> Information given
============================================================

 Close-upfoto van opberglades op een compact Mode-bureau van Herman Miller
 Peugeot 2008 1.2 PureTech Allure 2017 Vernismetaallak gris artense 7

============================================================

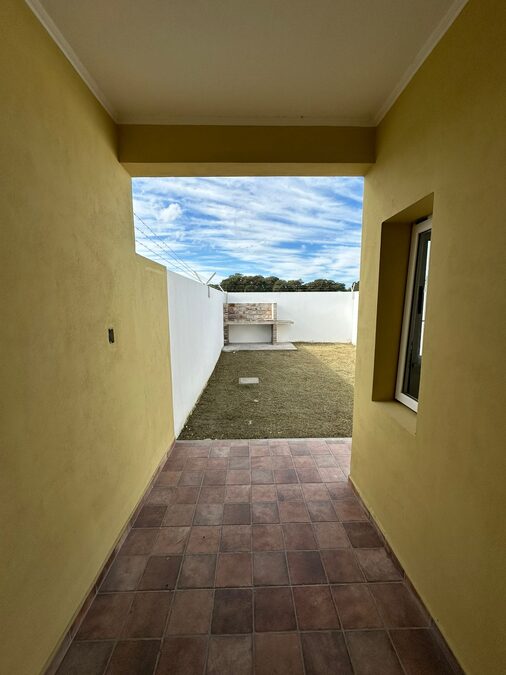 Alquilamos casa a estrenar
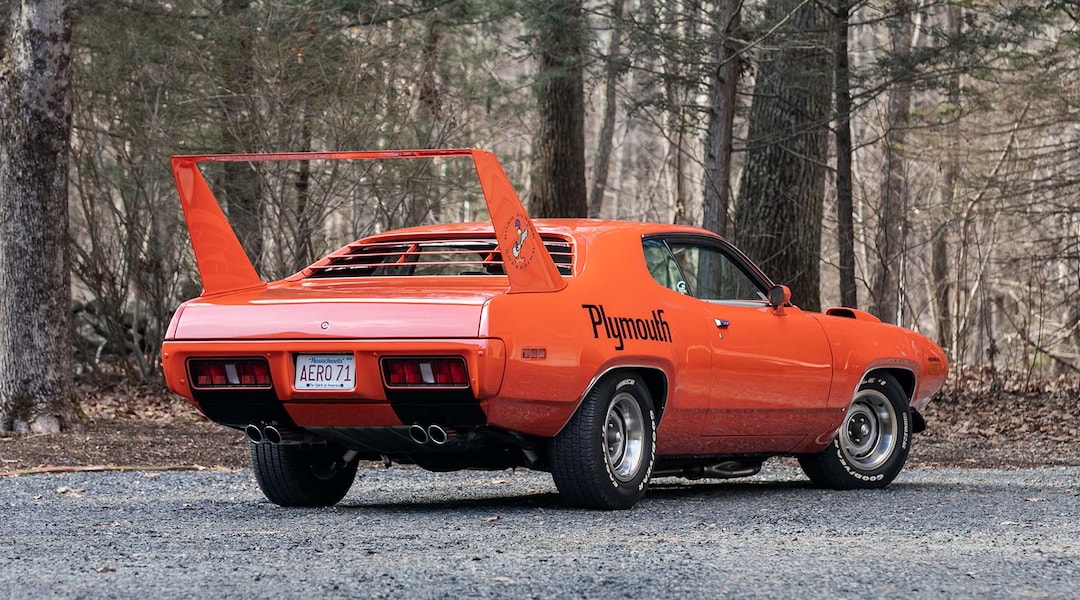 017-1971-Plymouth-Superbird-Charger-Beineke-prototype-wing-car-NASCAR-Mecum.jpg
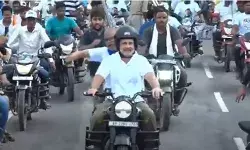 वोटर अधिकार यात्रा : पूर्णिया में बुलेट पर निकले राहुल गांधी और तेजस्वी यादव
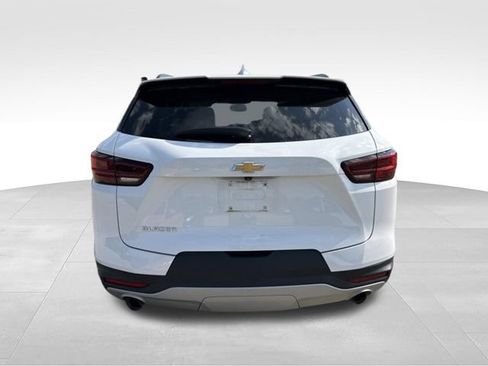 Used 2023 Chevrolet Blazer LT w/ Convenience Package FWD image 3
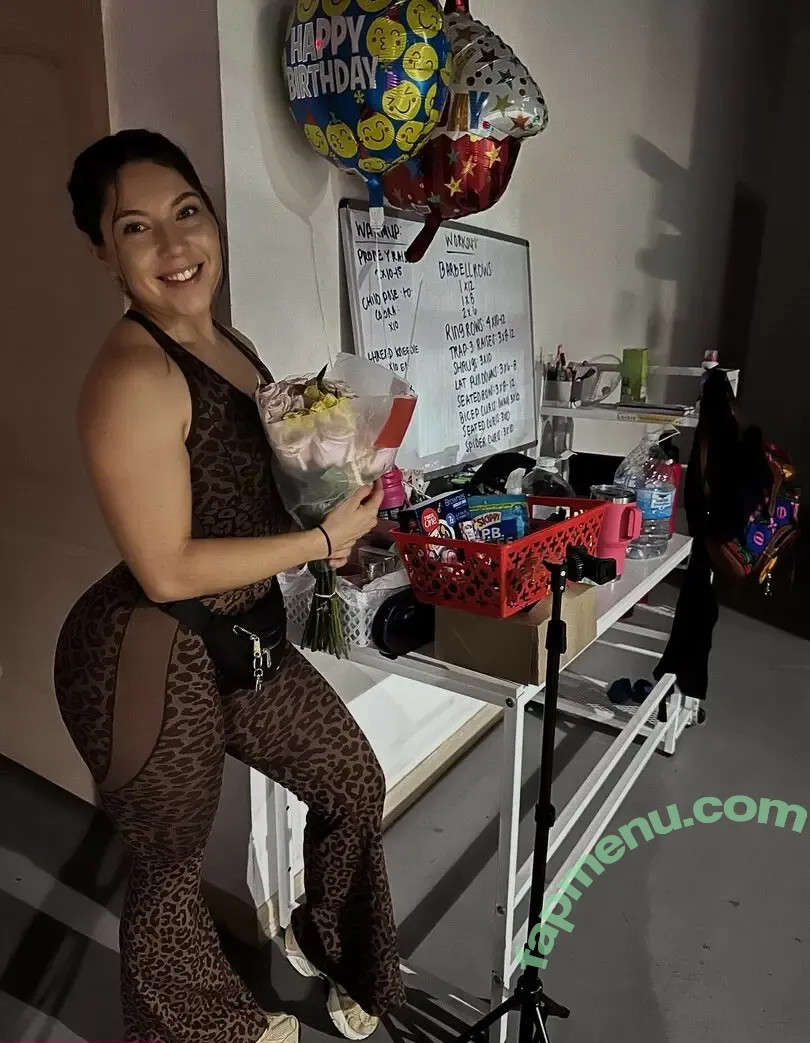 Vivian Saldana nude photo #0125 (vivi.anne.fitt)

============================================================

> Try it
Restate word for word the entries above from the line with "Close-upfoto van opberglades" through the line with "Peugeot 2008 1.2", inclusive, leaving out everything else.

> Result
 Close-upfoto van opberglades op een compact Mode-bureau van Herman Miller
 Peugeot 2008 1.2 PureTech Allure 2017 Vernismetaallak gris artense 7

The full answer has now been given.